Com a minha avó aprendi o que é amor incondicional, mas nunca consegui aprender a fazer seu delicioso bolo de sorvete. Ela esqueceu a receita antes que eu tivesse tido o interesse de aprender a cozinhar.

Eu sempre pedi para que ela puxasse meu pé quando morresse, senão eu nunca a perdoaria. Não entendo porque ela não veio. Eu tive um sonho com minha avó na madrugada em que ela faleceu. Ela estava no seu quarto conversando comigo e dobrando roupa, meio que fazendo uma mala. Ela conversou comigo tão normal e tão leve, sem nenhum sinal de Alzheimer, que eu comecei a rir e perguntei que milagre tinha acontecido que ela tinha saído da UTI curada e melhor do que entrou.
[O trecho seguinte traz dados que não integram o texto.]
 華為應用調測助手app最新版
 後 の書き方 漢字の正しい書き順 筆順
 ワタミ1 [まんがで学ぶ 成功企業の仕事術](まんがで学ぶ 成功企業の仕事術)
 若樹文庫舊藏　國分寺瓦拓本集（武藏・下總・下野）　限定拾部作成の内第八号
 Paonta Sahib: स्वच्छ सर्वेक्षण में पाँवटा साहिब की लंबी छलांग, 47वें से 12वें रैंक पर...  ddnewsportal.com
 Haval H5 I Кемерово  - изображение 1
Então ela deu a risada gostosa que só ela sabia dar e me disse: “Você viu, Grazielinha? Agora a vovó não tem mais nada”. Essa foi a última vez que vi e conversei com a minha avó.
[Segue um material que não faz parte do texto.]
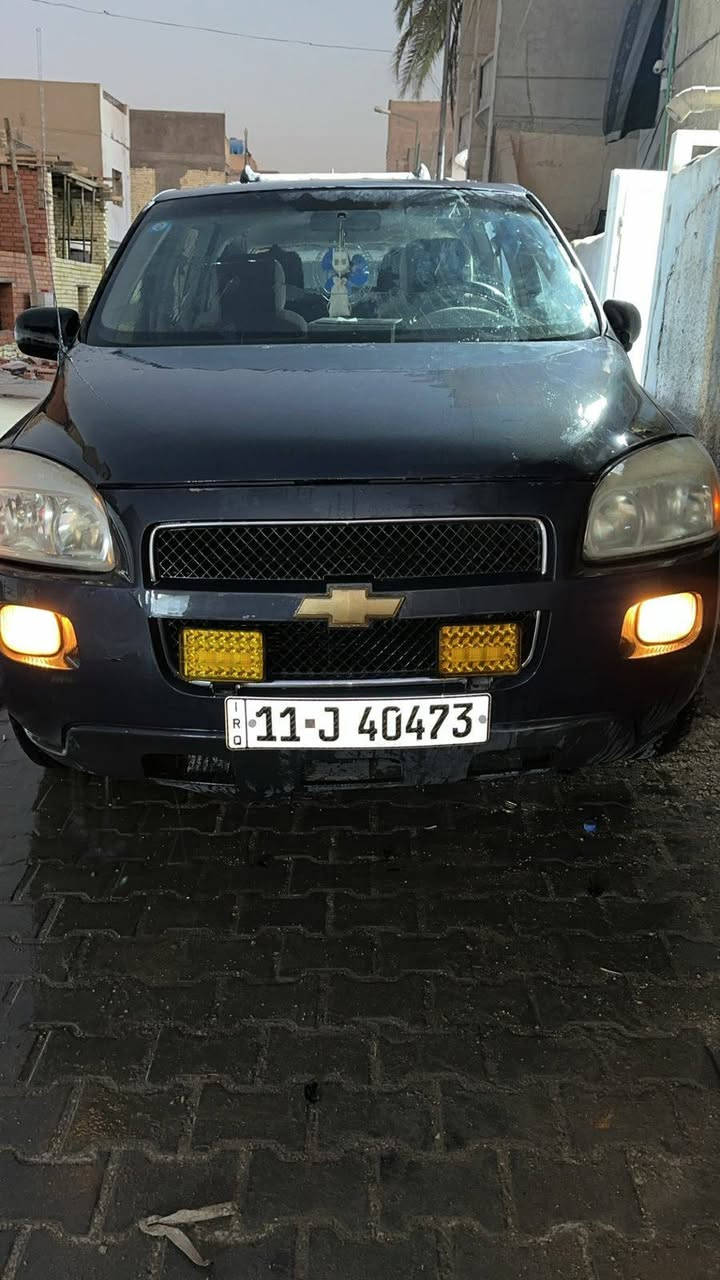 السلام عليكم
اخوان عندي شفرليت ابلاندر للبيع رقم بغداد مكينه ٣٩٠٠ رايده ٦٥ ورقه مكاني بغداد ***********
Eu sei que a morte vai atingir todos nós, de uma forma ou de outra. Mas a verdade é que nunca estamos preparados para ela. Eu estou muito longe e tudo o que posso fazer daqui, no meio de toda a culpa por ter escolhido viver longe da minha família é sentar, chorar e torcer para que meu avô seja mais forte do que eu. Talvez eu deva aprender a rezar.

Eu prometo que minha próxima mensagem será só alegria, mas dessa vez eu realmente precisava escrever tudo isso. Depois de dois anos morando aqui é bom chorar no colo de alguém. Quem sabe isso me ajuda a digerir tudo o que aconteceu?